Last year in their playoff opener against the Arizona Diamondbacks, the Dodgers rocked outmatched Taijuan Walker for four runs in the first inning, including a three-run homer by Justin Turner, en route to a 9-5 victory that began a series sweep.

This year, the victim was equally wide-eyed Foltynewicz, who, in his playoff debut, allowed four runs in two innings before being mercifully pulled.

“To put your team down 4-0 in the second inning is not where you want to be,” Foltynewicz said, later adding, “Then you have Kershaw tomorrow.”

The Dodgers, meanwhile, are exactly where they want to be.

At the end of the turbulent regular season filled with questions, they have come together to pose an entirely different kind of query.

Could they be even playing better than last year’s World Series team?

“We’re playing really good baseball,” said Manager Dave Roberts. “We have a lot of good players … this is a very focused and determined group.”

How good is really good?

Well, despite facing daily must-win situations, they’ve won their last five games while outscoring opponents 39-9. Meanwhile, on a perfect fall Thursday evening here, they perfectly answered some of their autumn questions.

Could they survive without their future Hall of Famer as their pitching anchor? The answer was a resounding yes. It was written in this space that it was a smart decision to pitch Ryu in the opener instead of Kershaw — a controversial move made earlier this week — but I had no idea it would be this smart.

While striking out eight with no walks, Ryu allowed only one runner to reach second base.
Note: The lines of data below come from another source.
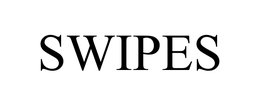 SWIPES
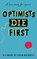 Optimists Die First, Susin Nielsen - Paperback - 9781783446223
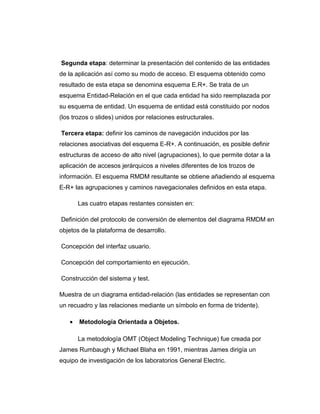 Segunda etapa: determinar la presentación del contenido de las entidades
de la aplicación así como su modo de acceso. El esquema obtenido como
resultado de esta etapa se denomina esquema E.R+. Se trata de un
esquema Entidad-Relación en el que cada entidad ha sido reemplazada por
su esquema de entidad. Un esquema de entidad está constituido por nodos
(los trozos o slides) unidos por relaciones estructurales.
Tercera etapa: definir los caminos de navegación inducidos por las
relaciones asociativas del esquema E-R+. A continuación, es posible definir
estructuras de acceso de alto nivel (agrupaciones), lo que permite dotar a la
aplicación de accesos jerárquicos a niveles diferentes de los trozos de
información. El esquema RMDM resultante se obtiene añadiendo al esquema
E-R+ las agrupaciones y caminos navegacionales definidos en esta etapa.
Las cuatro etapas restantes consisten en:
Definición del protocolo de conversión de elementos del diagrama RMDM en
objetos de la plataforma de desarrollo.
Concepción del interfaz usuario.
Concepción del comportamiento en ejecución.
Construcción del sistema y test.
Muestra de un diagrama entidad-relación (las entidades se representan con
un recuadro y las relaciones mediante un símbolo en forma de tridente).
• Metodología Orientada a Objetos.
La metodología OMT (Object Modeling Technique) fue creada por
James Rumbaugh y Michael Blaha en 1991, mientras James dirigía un
equipo de investigación de los laboratorios General Electric.
 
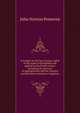 A treatise on the law of water rights as the same is formulated and applied in the Pacific states: including the doctrine of appropriation and the statutes and decisions relating to irrigation, Pomeroy, John Norton, 1828-1885 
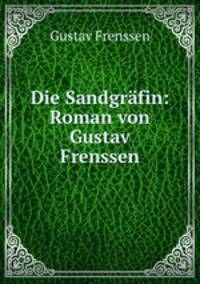 Die Sandgrafin: Roman von Gustav Frenssen
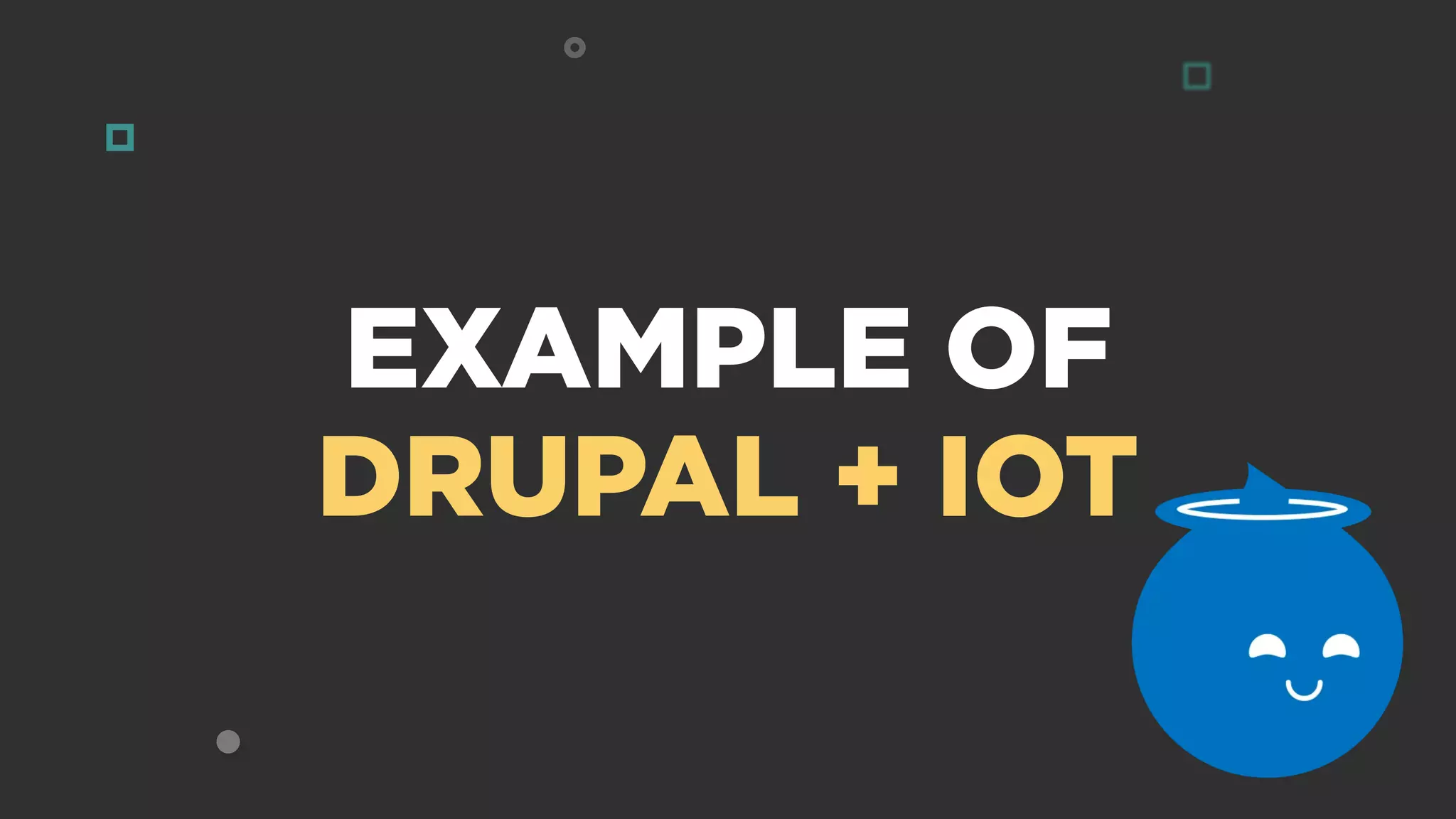 EXAMPLE OF
DRUPAL + IOT
 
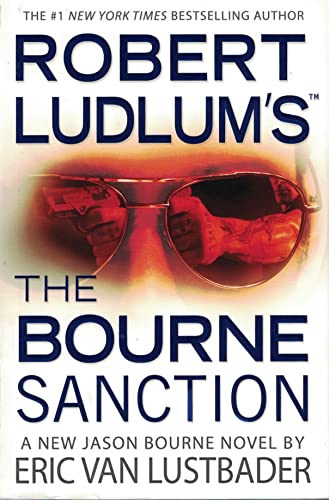 Imagen de archivo de Robert Ludlum's The Bourne Sanction a la venta por Willis Monie-Books, ABAA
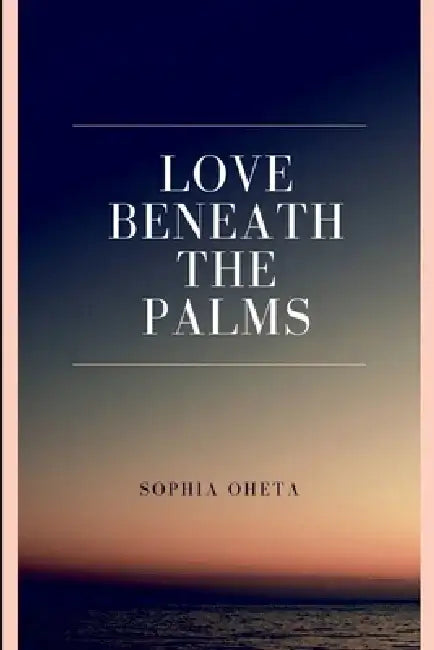 Love Beneath the Palms by Oheta Sophia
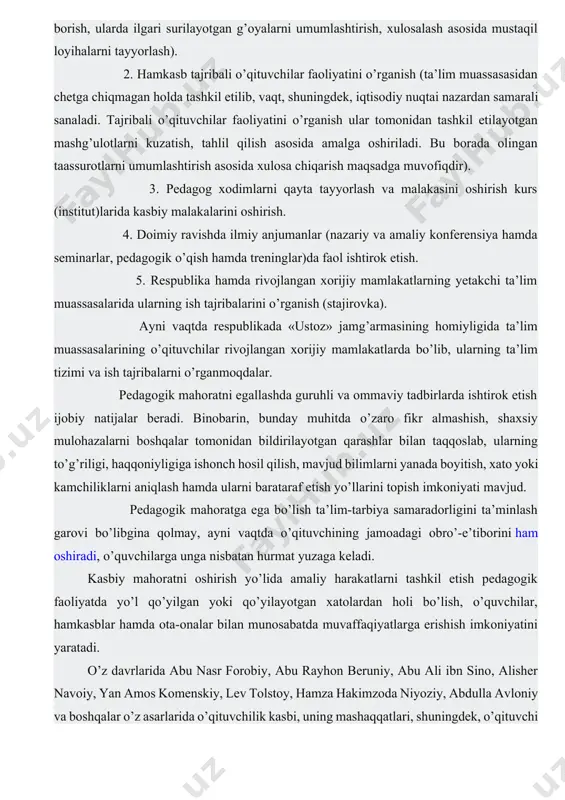tizimi va ish tajribalarni o’rganmoqdalar. pedagogik mahoratni egallashda guruhli va ommaviy tadbirlarda ishtirok etish ijobiy natijalar beradi. binobarin, bunday muhitda o’zaro fikr almashish, shaxsiy mulohazalarni boshqalar tomonidan bildirilayotgan qarashlar bilan taqqoslab, ularning to’g’riligi, haqqoniyligiga ishonch hosil qilish, mavjud bilimlarni yanada boyitish, xato yoki kamchiliklarni aniqlash hamda ularni barataraf etish yo’llarini topish imkoniyati mavjud. pedagogik mahoratga ega bo’lish ta’lim-tarbiya samaradorligini ta’minlash garovi bo’libgina qolmay, ayni vaqtda o’qituvchining jamoadagi obro’-e’tiborini ham oshiradi, o’quvchilarga unga nisbatan hurmat yuzaga keladi. kasbiy mahoratni oshirish yo’lida amaliy harakatlarni tashkil etish pedagogik faoliyatda yo’l qo’yilgan yoki qo’yilayotgan xatolardan holi bo’lish, o’quvchilar, hamkasblar hamda ota-onalar bilan munosabatda muvaffaqiyatlarga erishish imkoniyatini yaratadi. o’z davrlarida abu nasr forobiy, abu rayhon beruniy, abu ali ibn sino, alisher navoiy, yan amos komenskiy, lev tolstoy, hamza hakimzoda niyoziy, abdulla avloniy va boshqalar o’z asarlarida o’qituvchilik kasbi, uning mashaqqatlari, shuningdek, o’qituvchi shaxsida aks etishi zarur bo’lgan sifatlar xususidagi qarashlarni yoritish orqali o’zlari ham pedagogik …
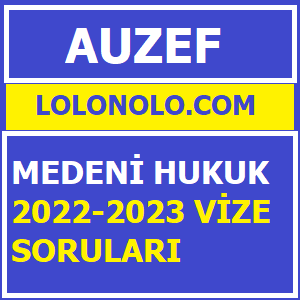 Medeni Hukuk 2022-2023 Vize Soruları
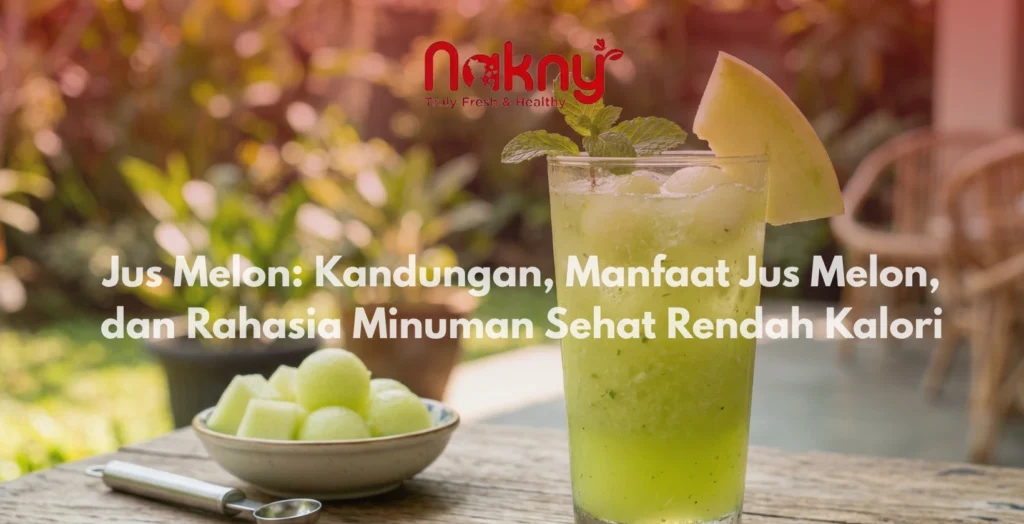 Jus Melon: Kandungan, Manfaat Jus Melon, dan Rahasia Minuman Sehat Rendah Kalori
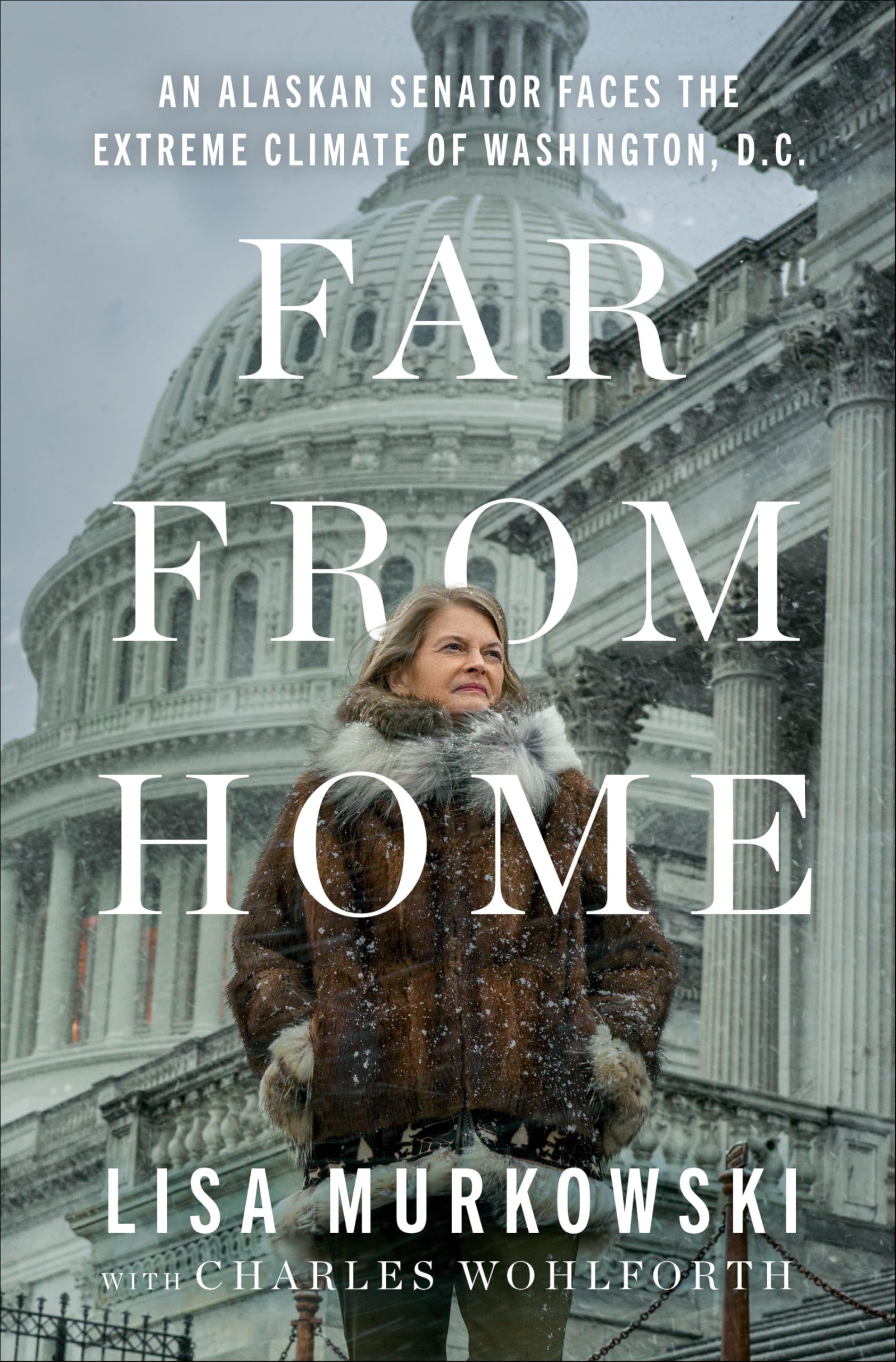 Far from Home: An Alaskan Senator Faces the Extreme Climate of Washington, D.C. by Murkowski, Lisa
He improved his reputation as a big-game pitcher by lowering his ERA in four postseason starts to 1.96.

“He was on, on, on,” said Hernandez.

That the Dodgers can now hand the ball to Kershaw with a one-game lead is likely to turn the Braves off, off, off.

“Amazing,” said Turner.

As for Kershaw, he smiled throughout a pregame news conference about the decision, but wouldn’t say he agreed with it, noting only, “They had theirreasons, and I accepted them.”

Everyone could see those reasons Thursday, and now the recently struggling Kershaw is charged with making his own case Friday.

“I think I probably would have been fine either way,” said Kershaw, and we’ll soon find out.

Then there was the question of home runs. The Dodger hit a franchise record 235 homers this year, but folks wondered if that launch angle stuff would play in the postseason.

So far, so good, with their big bats hitting the ball so hard, each long fly ball elicits huge cheers from fans now certain that anything in the air will soon disappear. Seriously, the 28-year-old Muncy wasn’t even in the major leagues last year, and he homers not only 35 times during the regular season, but in his second careerpostseason plate appearance.

“Homers feel good, obviously,” said Hernandez.

Finally, there was the question of whether the free-swinging Dodgers could also put together the sort of smart plate appearances that win championships.

Well, check that box too. They drew eight walks from Braves pitchers while working starter Foltynewicz into such deep counts, he threw 28 pitches in the first inning.

“This is the time where you want everyone to be their best and not try to do too much and pass the baton, and we did a really good job of that tonight,” said Turner. “Taking good at-bats, linking them together, make guys work hard.”

The Braves worked hard. The Dodgers barely broke a sweat. This doesn’t seem to be a fair fight. It certainly doesn’t appear like it will be a long one.